I. General Techniques
[0066] The techniques and procedures described or referenced herein
are generally well understood and commonly employed using
conventional methodology by those skilled in the art, such as, for
example, the widely utilized methodologies described in Sambrook et
al., Molecular Cloning: A Laboratory Manual 3d edition (2001) Cold
Spring Harbor Laboratory Press, Cold Spring Harbor, N.Y.; Current
Protocols in Molecular Biology (F. M. Ausubel, et al. eds.,
(2003)); the series Methods in Enzymology (Academic Press, Inc.):
PCR 2: A Practical Approach (M. J. MacPherson, B. D. Hames and G.
R. Taylor eds. (1995)), Harlow and Lane, eds. (1988) Antibodies, A
Laboratory Manual, and Animal Cell Culture (R. I. Freshney, ed.
(1987)); Oligonucleotide Synthesis (M. J. Gait, ed., 1984); Methods
in Molecular Biology, Humana Press; Cell Biology: A Laboratory
Notebook (J. E. Cellis, ed., 1998) Academic Press; Animal Cell
Culture (R. I. Freshney), ed., 1987); Introduction to Cell and
Tissue Culture (J. P. Mather and P. E. Roberts, 1998) Plenum Press;
Cell and Tissue Culture: Laboratory Procedures (A. Doyle, J. B.
Griffiths, and D. G. Newell, eds., 1993-8) J. Wiley and Sons;
Handbook of Experimental Immunology (D. M. Weir and C. C.
Blackwell, eds.); Gene Transfer Vectors for Mammalian Cells (J. M.
Miller and M. P. Calos, eds., 1987); PCR: The Polymerase Chain
Reaction, (Mullis et al., eds., 1994); Current Protocols in
Immunology (J. E. Coligan et al., eds., 1991); Short Protocols in
Molecular Biology (Wiley and Sons, 1999); Immunobiology (C. A.
Janeway and P. Travers, 1997); Antibodies (P. Finch, 1997);
Antibodies: A Practical Approach (D. Catty., ed., IRL Press,
1988-1989); Monoclonal Antibodies: A Practical Approach (P.
Shepherd and C. Dean, eds., Oxford University Press, 2000); Using
Antibodies: A Laboratory Manual (E. Harlow and D. Lane (Cold Spring
Harbor Laboratory Press, 1999); The Antibodies (M. Zanetti and J.

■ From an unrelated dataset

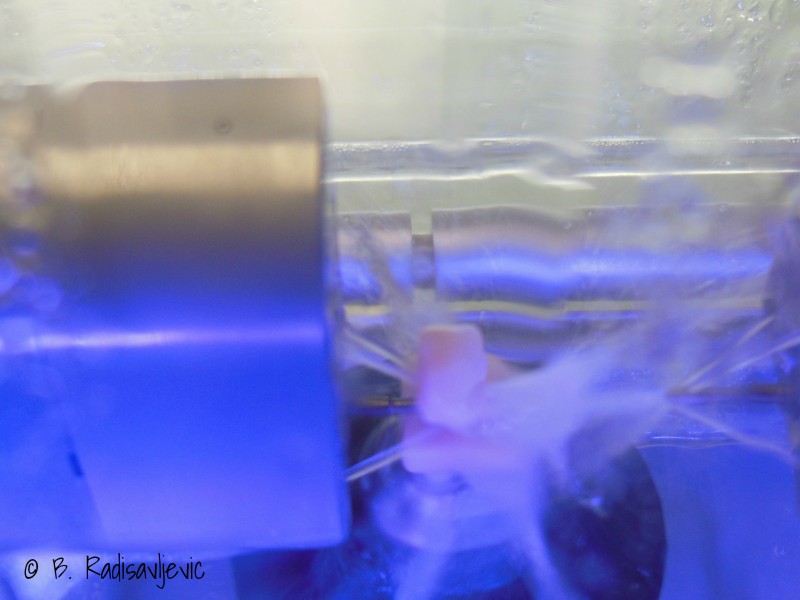 Crown in Process of Creation at Dental Office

D. Capra, eds., Harwood Academic Publishers, 1995); and Cancer:
Principles and Practice of Oncology (V. T. DeVita et al., eds.,
J.B. Lippincott Company, 1993).
[0067] The nomenclature used in this Application is based on IUPAC
systematic nomenclature, unless indicated otherwise. Unless defined
otherwise, technical and scientific terms used herein have the same
meaning as commonly understood by one of ordinary skill in the art
to which this invention belongs, and are consistent with: Singleton
et al (1994) Dictionary of Microbiology and Molecular Biology, 2nd
Ed., J. Wiley & Sons, New York, N.Y.; and Janeway, C., Travers,
P., Walport, M., Shlomchik (2001) Immunobiology, 5th Ed., Garland
Publishing, New York.
II. Definitions
[0068] Staphylococcus aureus is also referred to herein as Staph A
or S. aureus in short. Likewise, Staphylococcus epidermidis is also
referred herein as Staph E or S. epidermidis.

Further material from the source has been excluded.